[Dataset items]

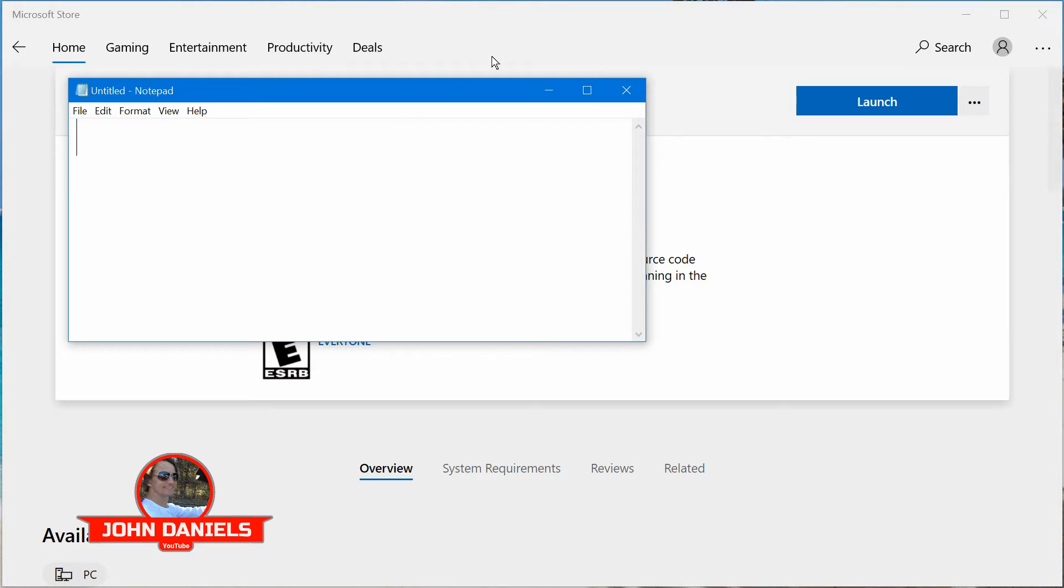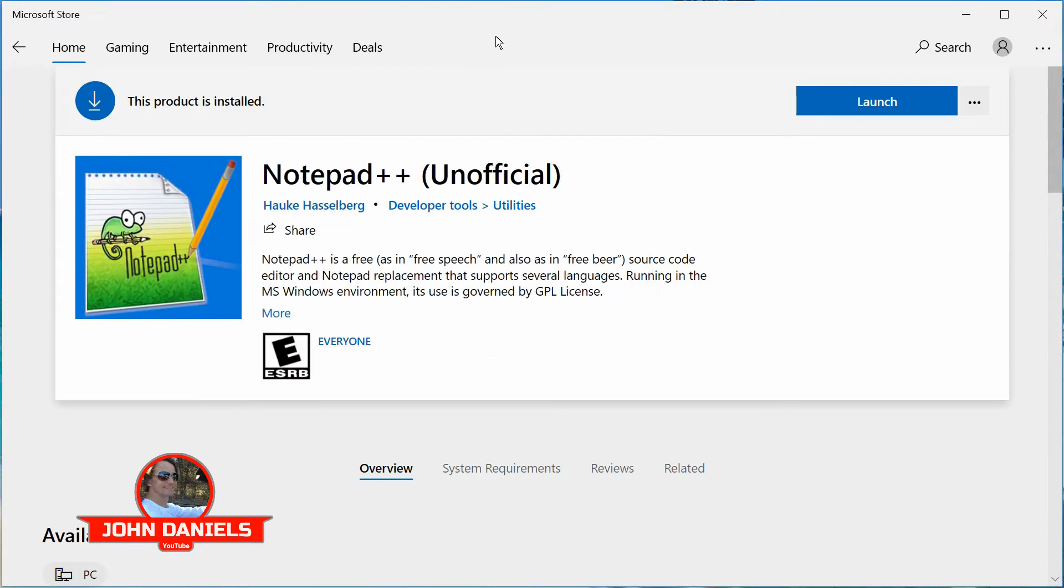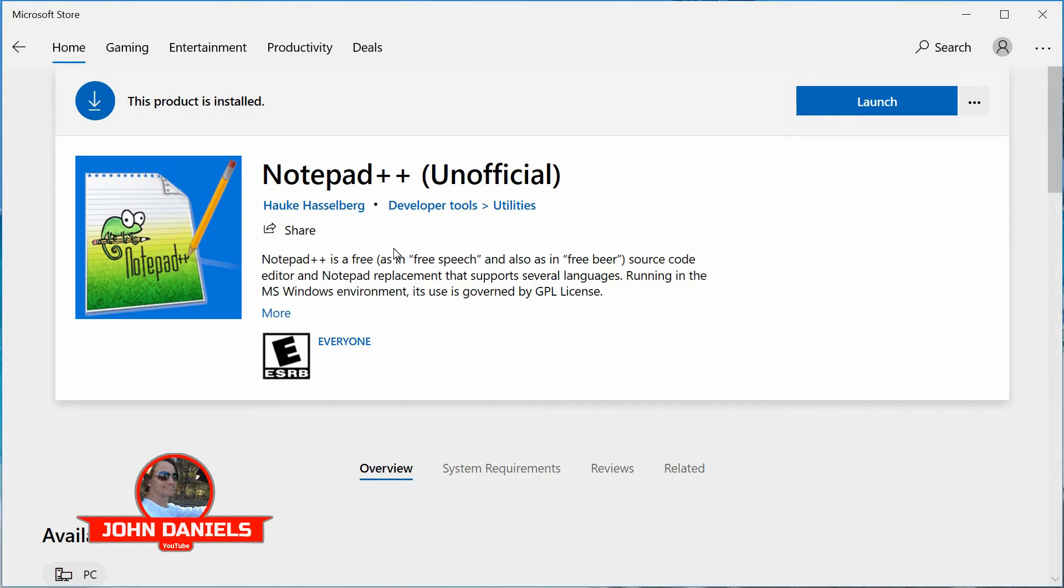Another option you have is go to the Microsoft Store and look for a program called Notepad++, and this is the developer. There's a bunch of different ones available, but this is a great program to replace Notepad. It's a lot more robust, and it also has the feature.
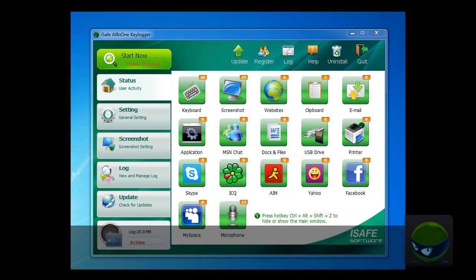Hello, welcome to iSafe All-in-One Logger Video Center, the how-to series video tutorial.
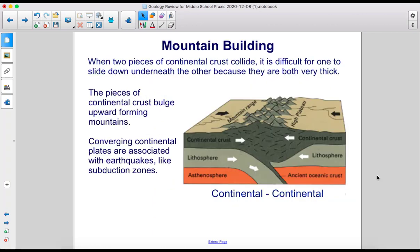When two pieces of continental crust collide, it is difficult for one to slide down underneath the other because they are both very thick. The pieces of continental crust bulge upward, forming mountains. Converging continental plates are associated with earthquakes, like subduction zones.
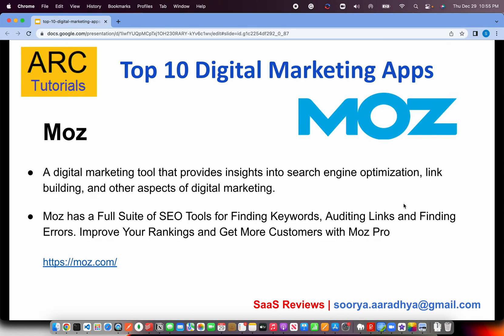The next is a pretty cool tool that gives us a lot of insights into search engine optimization, link building, and other aspects of digital marketing — it's called Moz. Moz has a full suite of SEO tools for finding keywords, auditing links, finding errors, etc. If you want to improve your search ranking and get insights on how to improve, you need to get Moz.com.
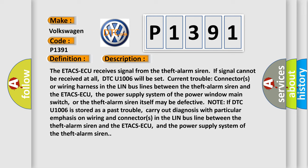The power supply system of the power window main switch or the theft alarm siren itself may be defective. Note: if DTC U1006 is stored as a past trouble, carry out diagnosis with particular emphasis on wiring and connectors in the LIN bus line between the theft alarm siren and the ETACS-ECU, and the power supply system of the theft alarm siren.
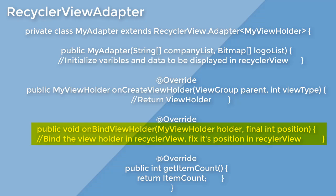You can bind the data and the views. That is, you can fill the views with the data. Either the data is text or text for text views or image for image views. You can do that on-bind view holder.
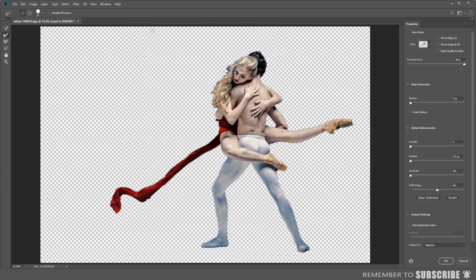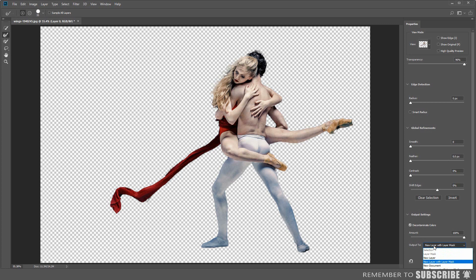Once you are finished making your selection, click Select and Mask. Once the Select and Mask panel opens, I am going to go over the edge of the image with the refine edge brush. I did an in-depth tutorial on using Select and Mask — a link to the video is on the screen. Once I refine the edge of the selection, I am going to check Contaminate Colors, then under the output settings, select New Layer.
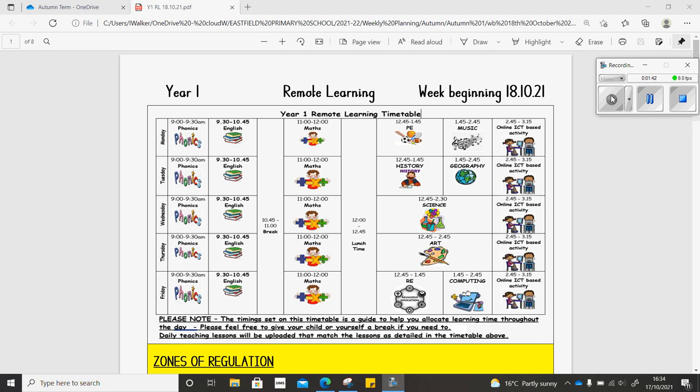Remember, there's also work set online so you can log on to Purple Mash, Athletics, and Reading Eggs. The login details are on the front page of your homework book.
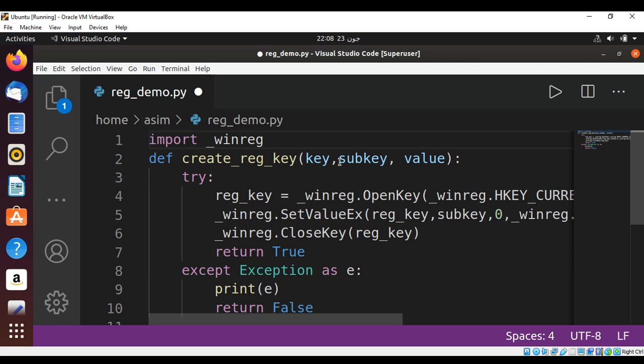So this way you can create a registry for Windows in Python. To keep on learning, please subscribe to my YouTube channel. Keep supporting me and thank you for watching.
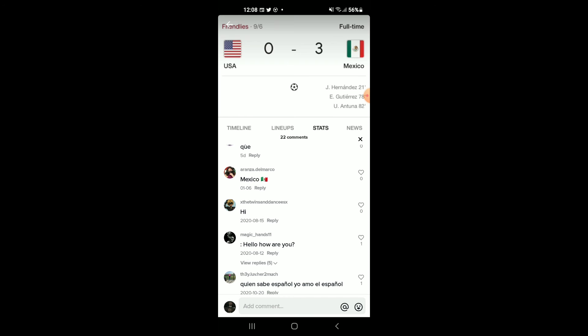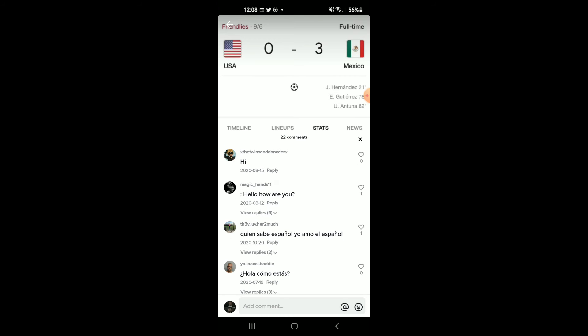As you can see there, that's how you'll be able to translate a TikTok comment. Again, once you see a comment that you'd like to translate to the language that you have your TikTok account set to, you'll simply press down on it and tap on translate.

- **TASK BRIEF**
Every record must be duplicated exactly, except for the pictures, which are left out.

- **SOLUTION FOR THIS TASK**
Another option you have is go to the Microsoft Store and look for a program called Notepad++, and this is the developer. There's a bunch of different ones available, but this is a great program to replace Notepad. It's a lot more robust, and it also has the feature.
Hello, welcome to iSafe All-in-One Logger Video Center, the how-to series video tutorial.
When two pieces of continental crust collide, it is difficult for one to slide down underneath the other because they are both very thick. The pieces of continental crust bulge upward, forming mountains. Converging continental plates are associated with earthquakes, like subduction zones.
The next is a pretty cool tool that gives us a lot of insights into search engine optimization, link building, and other aspects of digital marketing — it's called Moz. Moz has a full suite of SEO tools for finding keywords, auditing links, finding errors, etc. If you want to improve your search ranking and get insights on how to improve, you need to get Moz.com.
The power supply system of the power window main switch or the theft alarm siren itself may be defective. Note: if DTC U1006 is stored as a past trouble, carry out diagnosis with particular emphasis on wiring and connectors in the LIN bus line between the theft alarm siren and the ETACS-ECU, and the power supply system of the theft alarm siren.
You can bind the data and the views. That is, you can fill the views with the data. Either the data is text or text for text views or image for image views. You can do that on-bind view holder.
Once you are finished making your selection, click Select and Mask. Once the Select and Mask panel opens, I am going to go over the edge of the image with the refine edge brush. I did an in-depth tutorial on using Select and Mask — a link to the video is on the screen. Once I refine the edge of the selection, I am going to check Contaminate Colors, then under the output settings, select New Layer.
Remember, there's also work set online so you can log on to Purple Mash, Athletics, and Reading Eggs. The login details are on the front page of your homework book.
So this way you can create a registry for Windows in Python. To keep on learning, please subscribe to my YouTube channel. Keep supporting me and thank you for watching.
As you can see there, that's how you'll be able to translate a TikTok comment. Again, once you see a comment that you'd like to translate to the language that you have your TikTok account set to, you'll simply press down on it and tap on translate.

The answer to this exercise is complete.